Ingestion pipeline. Documents enter through the document loader (src/ch02/loader.py), which handles PDF, markdown, and plain text. The loader extracts raw text and metadata (filename, page numbers, headings). The chunker splits text into 512-token chunks with 64-token overlap. This overlap value was chosen deliberately -- shorter overlaps miss cross-sentence context, and longer overlaps waste tokens on duplication. After chunking, each chunk is embedded using a sentence-transformer model and stored in the vector index.
Retrieval layer. Given a query, the retriever embeds it using the same model and runs a cosine similarity search against the index. It returns the top-5 chunks ranked by relevance score. After the hardening pass (Chapter 6), a neighbor boost was added: when a chunk scores above 0.7, its immediate neighbors (chunk N-1 and chunk N+1) receive a 0.15 relevance boost. This keeps related content adjacent in the context window and prevents chunk-boundary misses.
Agent loop. The orchestration layer comes in three configurations, each built in a different chapter:
- Workflow (
src/ch03/workflow.py): Fixed pipeline. Retrieve, build context, answer. One model call. Deterministic control flow. - Single agent (
src/ch03/agent.py): Bounded autonomy with a 5-step budget. Can refine its search query, callextract_code_blockfor precise code retrieval, and escalate when evidence is insufficient. Averages 2.8 model calls per query. - Multi-agent (
src/ch04/multi_agent.py): Router classifies query complexity, primary agent retrieves and reasons, verifier agent cross-checks citations and factual claims. Averages 4.6 model calls per query.
Response pipeline. The response parser validates the agent's output against the citation contract: every factual claim must reference a document in the corpus index.
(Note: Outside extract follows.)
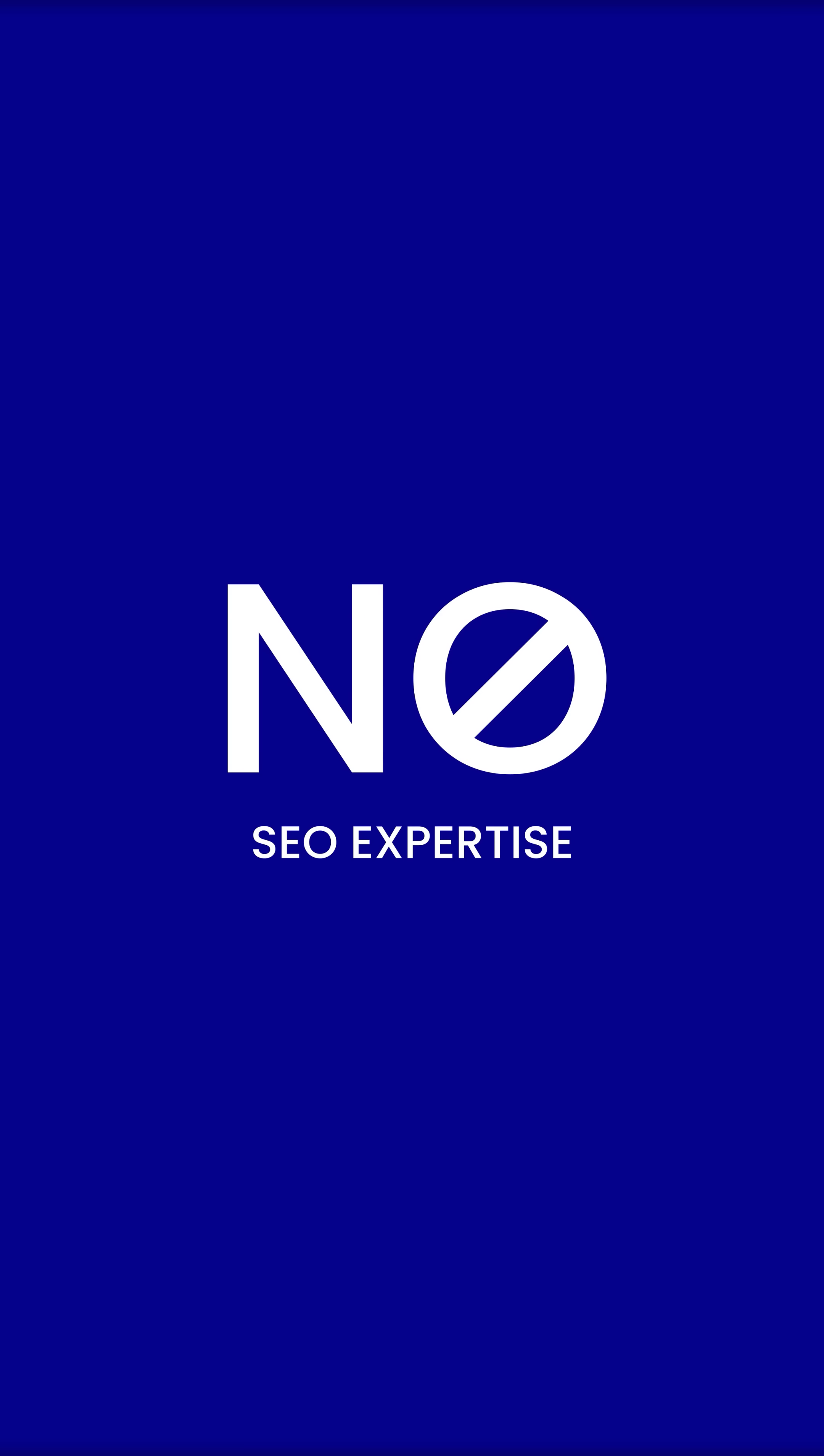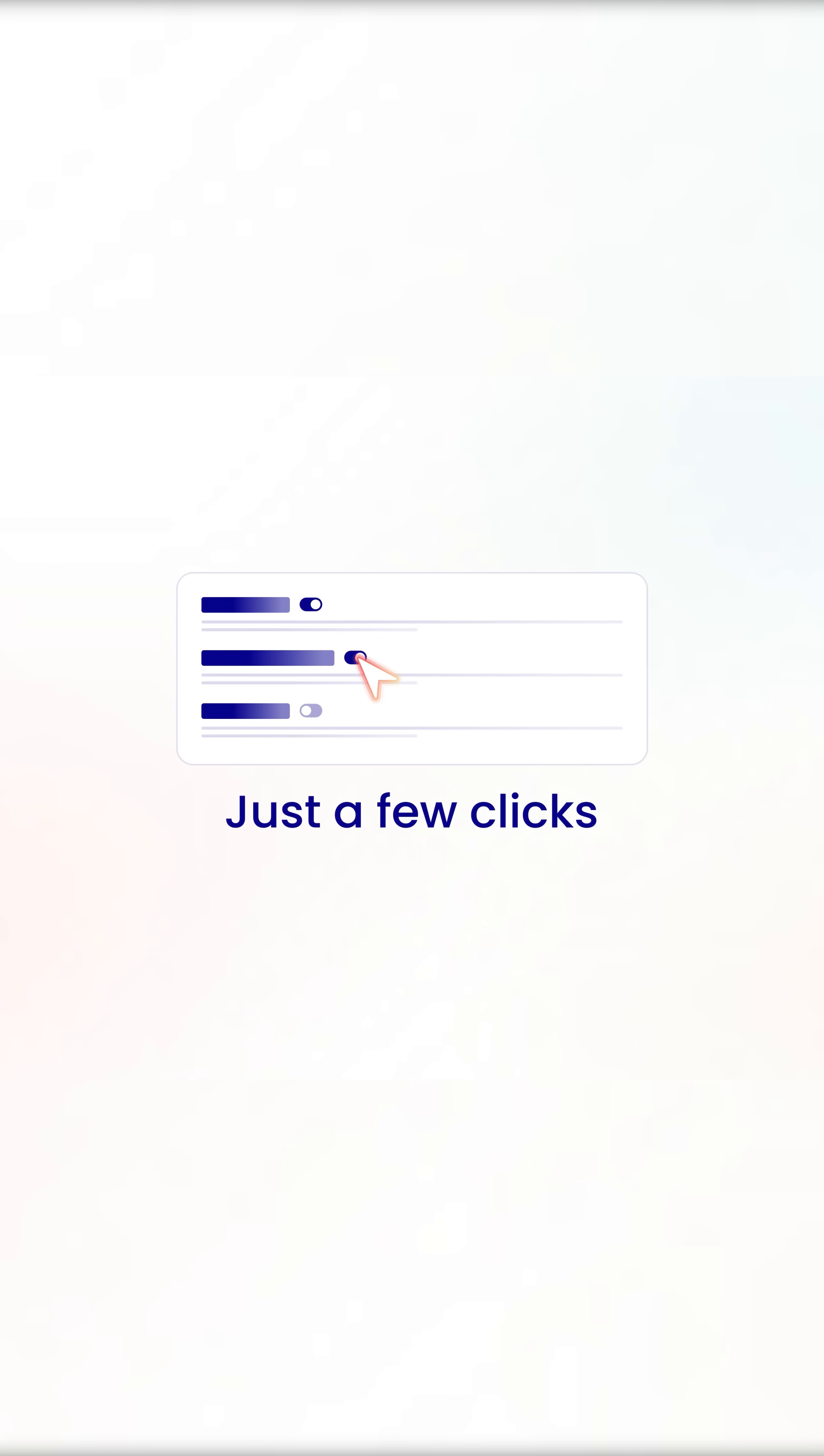No coding. No SEO expertise. Everything you need in just a few clicks.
After hardening, invalid citations (those referencing source code files instead of indexed documents) trigger a retry with explicit citation instructions. The response is then scored by the eval harness if running in evaluation mode.
Two implementations, one comparison¶
This project is built twice to demonstrate the core architectural tradeoff:
- Workflow (
src/ch03/workflow.py): Fixed pipeline. Retrieve, build context, answer. One model call. Deterministic. - Agent (
src/ch03/agent.py): Bounded autonomy. Can refine its search, plan steps, and escalate. Multiple model calls. Adaptive.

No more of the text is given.